The first sedan-chair seen in England was in this reign, and was used by the Duke of Buckingham, to the great indignation of the people, who exclaimed that he was employing his fellow-creatures to do the service of beasts.

The country life prevails at present in England beyond any cultivated nation of Europe; but it was then much more generally embraced by all the gentry. The increase of arts, pleasures, and social commerce was just beginning to produce an inclination for the softer and more civilized life of the city. James discouraged, as much as possible, this alteration of manners. ``He was wont to be very earnest'', as Lord Bacon tells us, ``with the country gentlemen to go from London to their country-seats. And sometimes he would say thus to them, `Gentlemen, at London you are like ships in a sea, which show like nothing; but in your country villages you are like ships in a river, which look like great things.'''

He was not content with reproof and exhortation. As Queen Elizabeth had perceived with regret the increase of London, and had restrained all new buildings by proclamation, James, who found that these edicts were not exactly obeyed, frequently renewed them, though a strict execution seems still to have been wanting. He also issued reiterated proclamations, in imitation of his predecessor, containing severe menaces against the gentry who lived in town. This policy is contrary to that which has ever been practised by all princes who studied the increase of their authority. To allure the nobility to court; to engage them in expensive pleasures or employments which dissipate their fortune; to increase their subjection to ministers by attendance; to weaken their authority in the provinces by absence---these have been the common arts of arbitrary government. But James, besides that he had certainly laid no plan for extending his power, had no money to support a splendid court or bestow on a numerous retinue of gentry and nobility. He thought, too, that by their living together they became more sensible of their own strength, and were apt to indulge too curious researches into matters of government. To remedy the present evil, he was desirous of dispersing them into their country-seats, where he hoped they would bear a more submissive reverence to his authority, and receive less support from each other. But the contrary effect soon followed. The riches amassed during their residence at home rendered them independent. The influence acquired by hospitality made them formidable. They would not be led by the court; they could not be driven; and thus the system of the English government received a total and a sudden alteration in the course of less than forty years.

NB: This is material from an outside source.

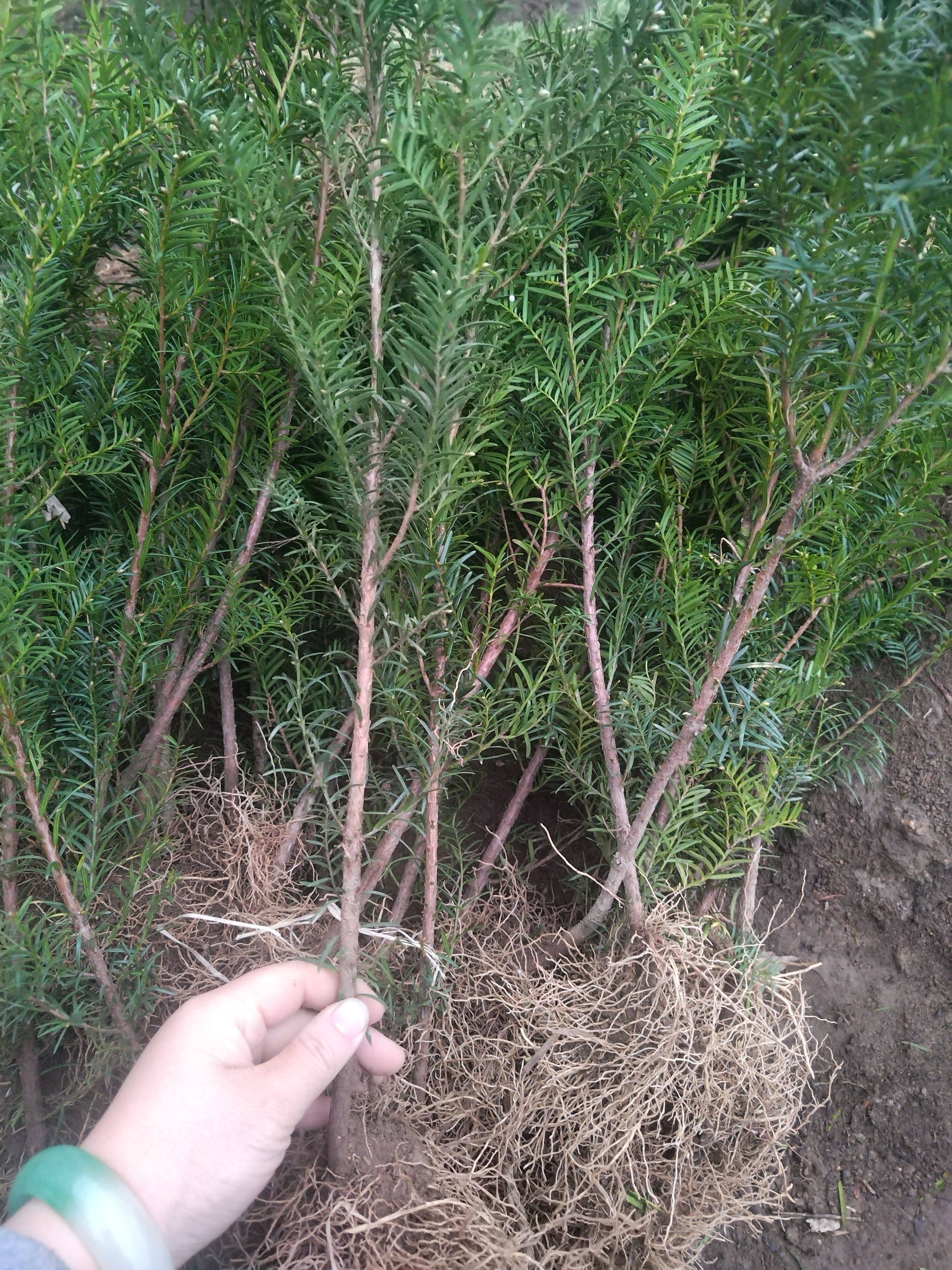 东北红豆杉籽苗 移栽苗40/50cm 大量出售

The first rise of commerce and the arts had contributed, in preceding reigns, to scatter those immense fortunes of the barons which rendered them so formidable both to king and people. The further progress of these advantages began during this reign to ruin the small proprietors of land; and, by both events, the gentry, or that rank which composed the House of Commons, enlarged their power and authority. The early improvements in luxury were seized by the greater nobles, whose fortunes, placing them above frugality or even calculation, were soon dissipated in expensive pleasures. These improvements reached, at last, all men of property; and those of slender fortunes, who at that time were often men of family, imitating those of a rank immediately above them, reduced themselves to poverty. Their lands, coming to sale, swelled the estates of those who possessed riches sufficient for the fashionable expenses, but who were not exempted from some care and attention to their domestic economy.

The gentry, also, of that age were engaged in no expense, except that of country hospitality. No taxes were levied, no wars waged, no attendance at court expected, no bribery or profusion required at elections. Could human nature ever reach happiness, the condition of the English gentry, under so mild and benign a prince, might merit that appellation.